Universal Item Tokenization for Transferable Generative Recommendation
Bowen Zheng, Hongyu Lu, Yu Chen, Wayne Xin Zhao, Ji-Rong Wen
TL;DR
UTGRec tackles the challenge of transfer in generative recommendation by introducing a universal item tokenizer that encodes items into discrete code sequences using a multimodal large language model and tree structured codebooks. It combines raw content reconstruction with collaborative integration to learn cross domain item semantics and cross domain collaboration signals. The framework pre trains across multiple domains and then fine tunes on downstream domains, preserving learned codebooks while adapting projection layers. Empirical results on four public datasets show UTGRec outperforms traditional, content based, and existing generative baselines, with strong gains on long tail items and cross domain transfer. This work advances transferable generative recommendation by enabling universal multimodal item representations and scalable cross domain learning.
Abstract
Recently, generative recommendation has emerged as a promising paradigm, attracting significant research attention.

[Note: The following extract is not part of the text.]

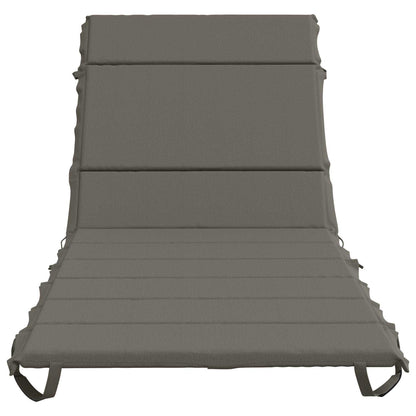 vidaXL Sunlounger Cushion GEMERT 100% Polyester Grey 200 x 90 x 3 cm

The basic framework involves an item tokenizer, which represents each item as a sequence of codes serving as its identifier, and a generative recommender that predicts the next item by autoregressively generating the target item identifier. However, in existing methods, both the tokenizer and the recommender are typically domain-specific, limiting their ability for effective transfer or adaptation to new domains. To this end, we propose UTGRec, a Universal item Tokenization approach for transferable Generative Recommendation. Specifically, we design a universal item tokenizer for encoding rich item semantics by adapting a multimodal large language model (MLLM). By devising tree-structured codebooks, we discretize content representations into corresponding codes for item tokenization. To effectively learn the universal item tokenizer on multiple domains, we introduce two key techniques in our approach. For raw content reconstruction, we employ dual lightweight decoders to reconstruct item text and images from discrete representations to capture general knowledge embedded in the content. For collaborative knowledge integration, we assume that co-occurring items are similar and integrate collaborative signals through co-occurrence alignment and reconstruction. Finally, we present a joint learning framework to pre-train and adapt the transferable generative recommender across multiple domains. Extensive experiments on four public datasets demonstrate the superiority of UTGRec compared to both traditional and generative recommendation baselines.